Influences of Meningeal Cells on the Development of the Brain

Most epithelia are unable to develop in the absence of their surroundings mesenchyme, and the latter influences such fundamental events in epithelial development as cell proliferation, branching morphogenesis and functional differentiation (reviews in Grobstein, 1955; Wessells, 1977; Bernfield and Banerjee, 1978; Hay, 1981, 1984; Cunha et al., 1983; Bernfield et al., 1984). Already the earliest stages of neural development, i.e., the formation of the neural plate in the dorsal ectoderm of the gastrula, are induced by the underlying mesoderm (reviews in Spemann, 1938; Jacobson, 1984).

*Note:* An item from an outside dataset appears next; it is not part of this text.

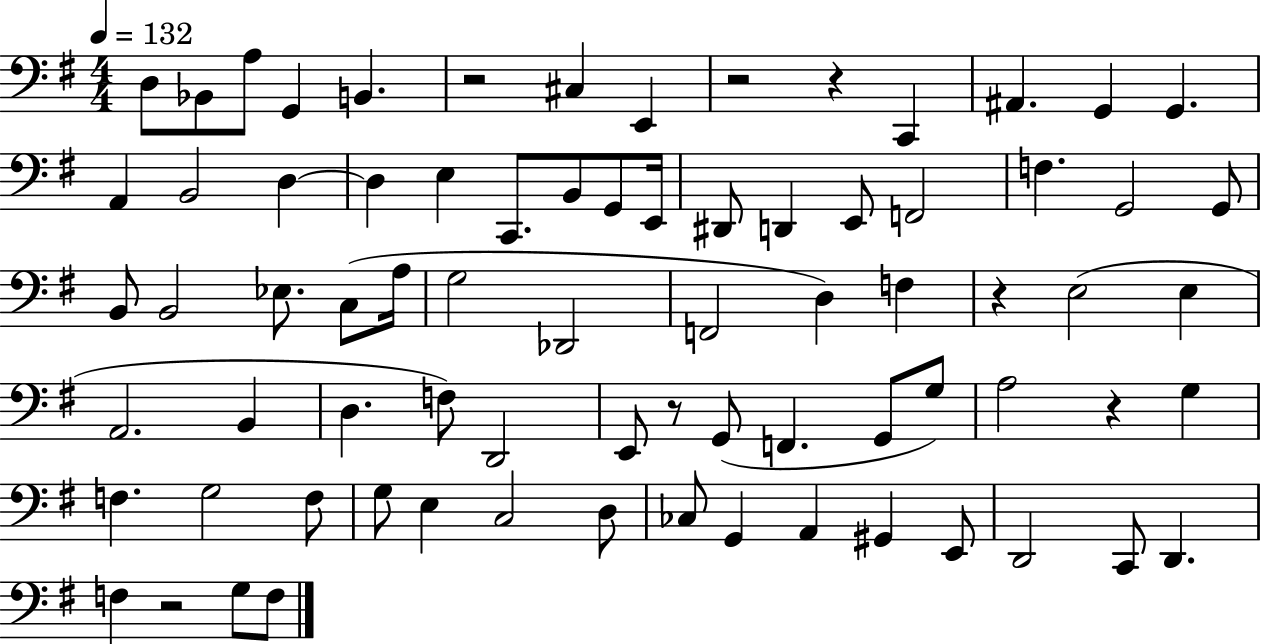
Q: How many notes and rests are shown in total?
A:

In the spinal cord this neural induction is followed by a series of tissue interactions between neural plate and neural tube on the one hand and the adjacent chorda dorsalis and the somites on the other hand which result in the characteristic shape of the developing spinal cord (see van Straaten and Drukker, this volume). Little is known about similar influences on the development of the brain, yet the mesenchymal partner in such tissue interactions would be the meninges, and the occurrence and significance of a postulated mesenchymal-epithelial interaction during brain development can be assessed if the meningeal cells are eliminated in different stages of CNS ontogeny. In this article we will summarize the evidence collected in our laboratories over the last few years on the influences of meningeal cells on brain development, which we have obtained utilizing a pharmocological method for the selective destruction of meningeal cells. These findings show that in addition to secreting as yet unidentified, probably diffusible molecules stimulating cell proliferation (see Gensburger et al., and Pehlemann et al. this volume), the meningeal cells stabilize the external surface of the cerebellum and hippocampus by producing components of both the interstitial matrix and the basal lamina and thus form the foundation of the radial glial scaffold presenr in these regions which, is involved in establishing the pattern of folia and laminae by guiding neuronal migration.